Privatkunden können schon zum 1. April den Anbieter wechseln

Von Dirk Schröder
Bielefeld/Bonn (WB). In den Gas-Markt kommt Bewegung. Auf Druck des Bundeskartellamtes und der Verbraucher ermöglichen die großen Gasversorger in Deutschland schon vom 1. April an ihren Privatkunden den Wechsel zu einem Konkurrenten. E.ON hatte diesen Schritt bereits am Montag angekündigt.

Im Gegenzug hat das Bundeskartellamt ein Missbrauchsverfahren wegen des Verdachts überhöhter Endkundenpreise gegen überregionale Gasversorgern wie Branchenführer E.ON mit allen Töchtern, RWE Westfalen-Weser-Ems, Mitgas, Spreegas, Entega sowie einen Eigenbetrieb der Thüga eingestellt. Die Wettbewerbshüter hatten Preisdifferenzen von mehr als 40 Prozent zwischen den günstigsten und den teuersten Anbietern festgestellt.
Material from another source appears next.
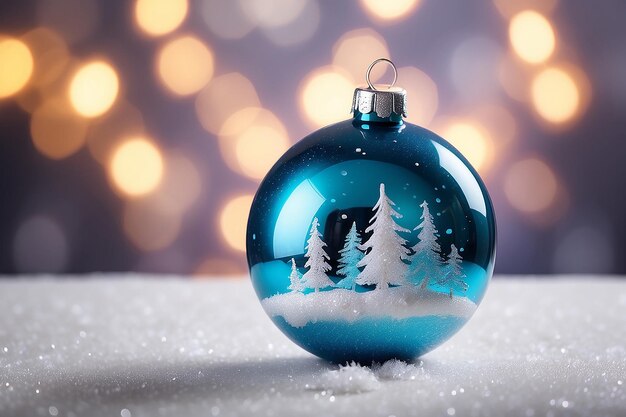 Closeup of glass christmas ball on abstract light new year background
Die Preise für Erdgas waren im Januar 2006 so hoch wie nie zuvor. Für eine Leistung von 33 540 Kilowattstunden, was einer Menge von etwa 3000 Liter Heizöl entspricht, mussten Verbraucher nach Angaben des Hamburger Energie Informationsdienstes 1935 Euro bezahlen. Derzeit ist Erdgas fast doppelt so teuer wie noch vor fünf Jahren. Etwa jeder zweite deutsche Haushalt heizt mit Gas.
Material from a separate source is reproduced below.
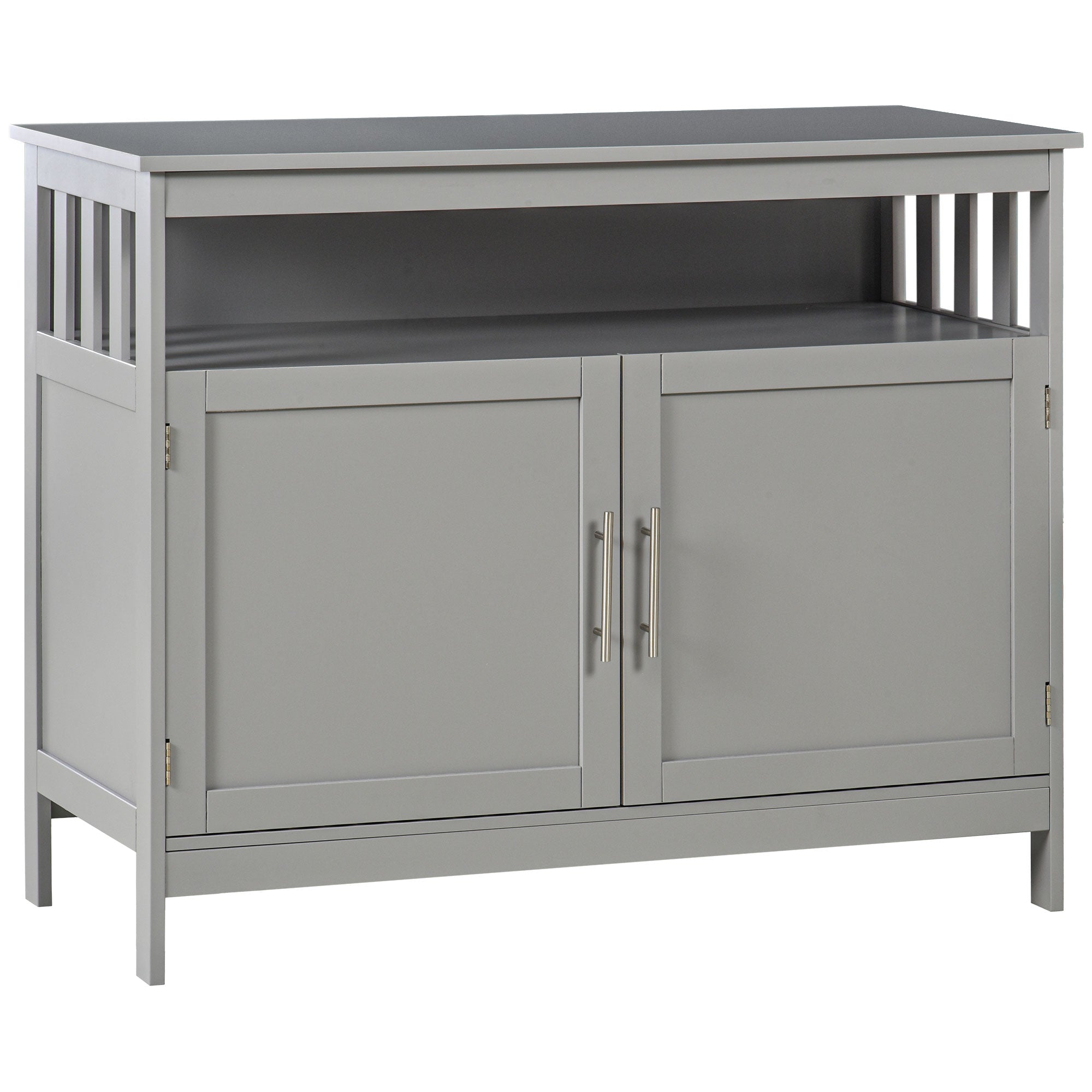 Kitchen Sideboard, Buffet Cabinet, Wooden Storage Console Table with 2-Level Cabinet and Open Shelf, Grey Bar Cabinets Grey at Gallery Canada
Nur auf den ersten Blick ist die Öffnung für wechselwillige Kunden eine erfreuliche Nachricht. »Mit Wettbewerb hat das nicht viel zu tun«, sagte denn auch der Energieexperte der Verbraucherzentrale Bundesverband (vzbv), Holger Krawinkel.
In der Tat wird noch kein großer Wettbewerb entstehen. Das hat auch eine Umfrage in Ostwestfalen-Lippe ergeben. Die Gasversorgung Westfalica (Bad Oeynhausen) sieht derzeit keinen Handlungsbedarf für eine erweiterte Liberalisierung, nur weil andere Firmen vorpreschten. Westfalica habe Ende Januar der Bundesnetzagentur einen Vorschlag für Durchleitungsentgelte vorgelegt und bereite sich nun auf den tatsächlichen Wettbewerb auf dem Gasmarkt von Oktober an vor.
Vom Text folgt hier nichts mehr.